Прямо сквозь подземный огонь – к смертельному холоду Хорна…
Сампо сопротивляется. Оно не хочет расти туда, куда его подталкивает могучая воля Калмы. Там тьма, холод и боль, там нет пищи для корней. Там ему суждено превратиться в нечто такое, чему в трех мирах и названия нет… Желание Калмы – чтобы побег Мирового Древа рос вниз, в Хорн – отвратительно самим законам мироздания.
Но сампо было создано, чтобы выполнять желания.
«Мир крутится вокруг Мировой Оси, только потому, что его двигают желания богов.
Если бы они исчезли, время бы остановилось.
И тогда Мировая Ось станет ненужной… и переломится под тяжестью неподвижной Вселенной».
Так нашептывает Калма, богиня смерти.
«Теперь ты мое. Поэтому выполняй мои желания. Повинуйся».
Скала над Луотолой начинает потрескивать, вниз с шорохом бегут мелкие камушки… Скоро ее вершина упадет во фьорд, и волна слизнет кораблик, как муху…
«Еще одни! С севера!»
Теперь желание из глубин еще сильнее и определеннее. Вот и явились те, кто знает про сампо. За ним-то они и пришли. Забрать его! Украсть! Ненависть Калмы передается молодому Древу.
Трещина перестает расширяться, скала застывает на месте. Варги забыты. Все внимание сампо – на север. В сторону Внутренней Похъёлы.
– Клянусь ледяными Вратами Хорна!

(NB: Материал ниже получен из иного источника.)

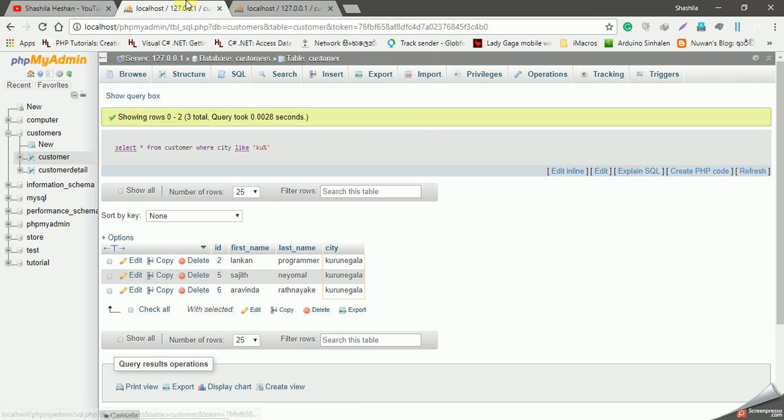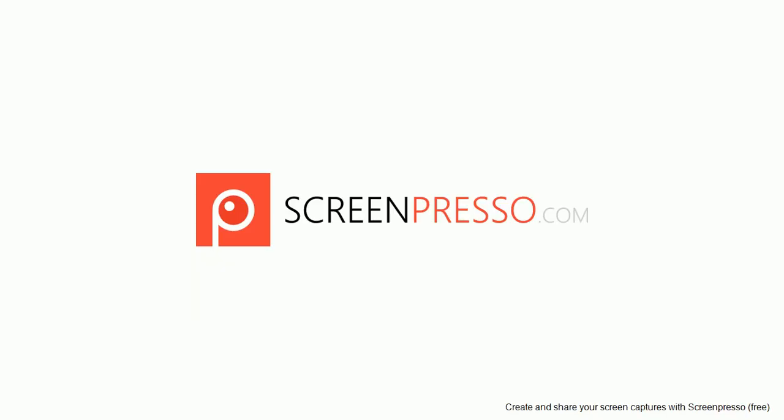Today we talked about the select statement. Let's talk about the update statement next. Good luck, thank you.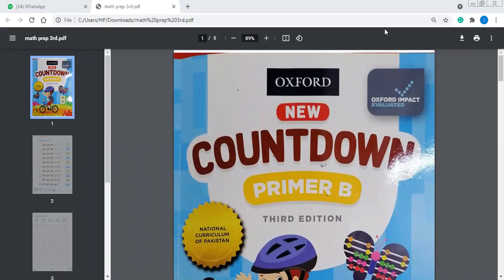Asalaamu Alaikum, dear students. How are you all? I'm your teacher, Amanzoor from prep class. Hope you must be fine and doing well at home. I hope you must have done the classwork and homework which I had given you last time. So today I'm going to take your new class.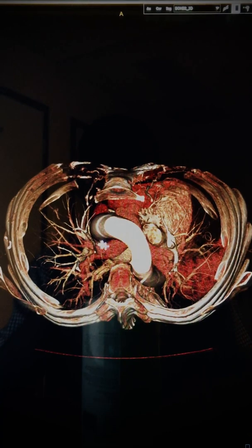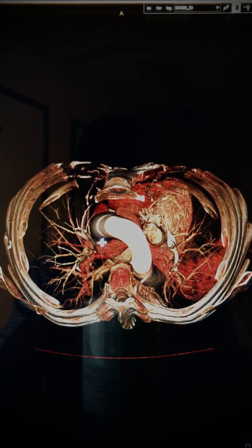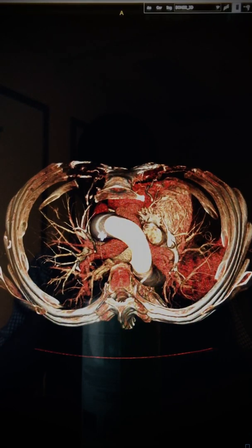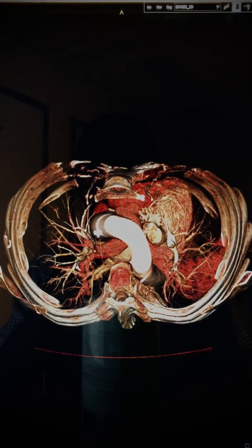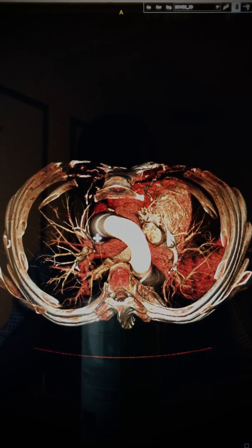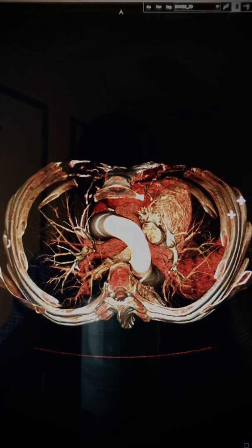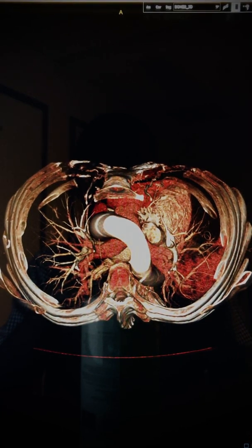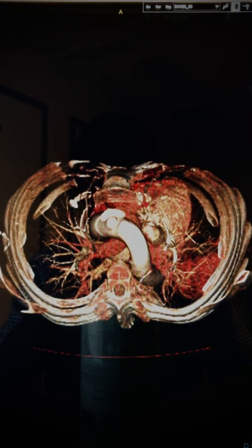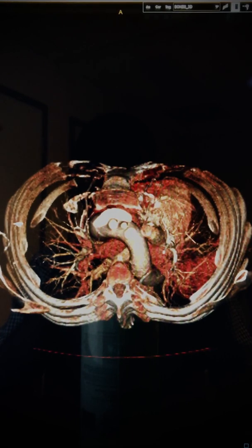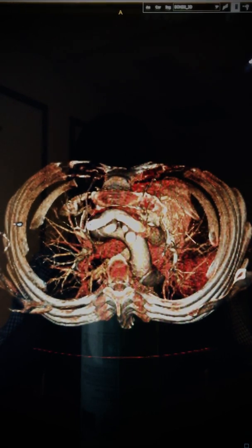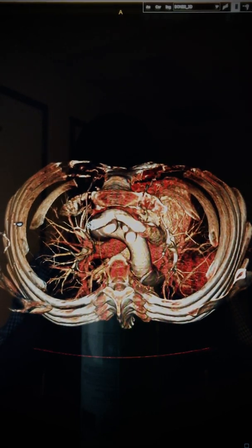In most people you have a vessel here, which is the superior vena cava. And in this patient, it's not present. Instead you have this vessel here. If you follow it more superiorly, you can see that it drains into the left brachiocephalic vein.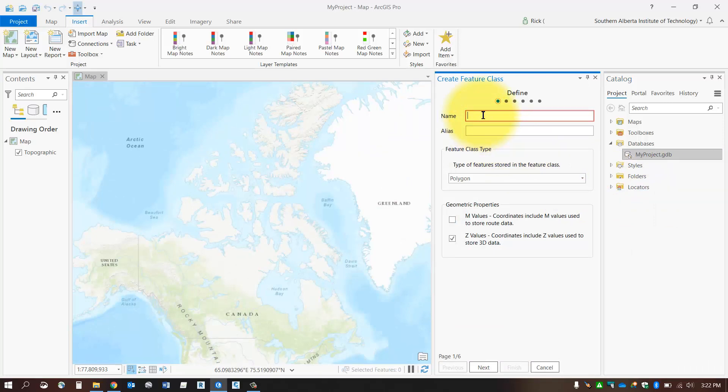In this case, I'm going to be using fire hydrants for this particular feature class. You can give it an alias if you like, where you can have spaces and special characters if you so choose.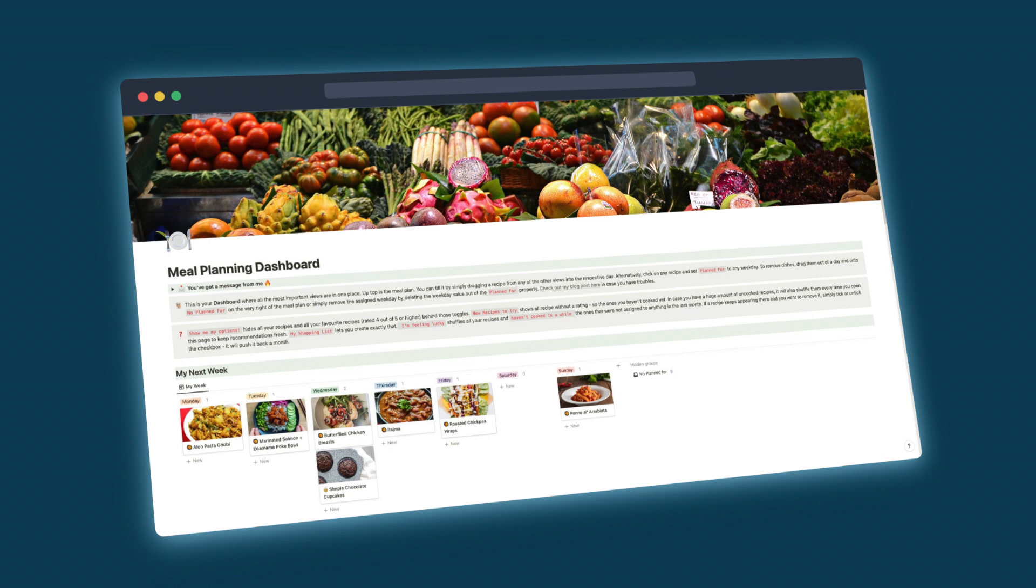Hello and welcome to this quick tour of my meal planning dashboard in Notion. I hope you just had something to eat, because I usually get very hungry if I talk about this one.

Вы гляньте, что тут творится!
– Да-а… и месяца не прошло, а Луотолу не узнать… Будто и не было тут никогда нашего гнездовья…
– Заткнитес-сь, – прошипела Лоухи.
Три туна стояли на выступе скалы, издалека обозревая горный хребет, отделяющий внутренние области страны от моря. Лоухи, бывшая теперь уже Хозяйка Похъёлы, и два ее родича, которым она еще могла доверять. Оба были немолоды, многоопытны и искушены в колдовстве, но не смогли удержаться от возгласов изумления, увидев, во что за считаные дни превратилось их родное гнездовье.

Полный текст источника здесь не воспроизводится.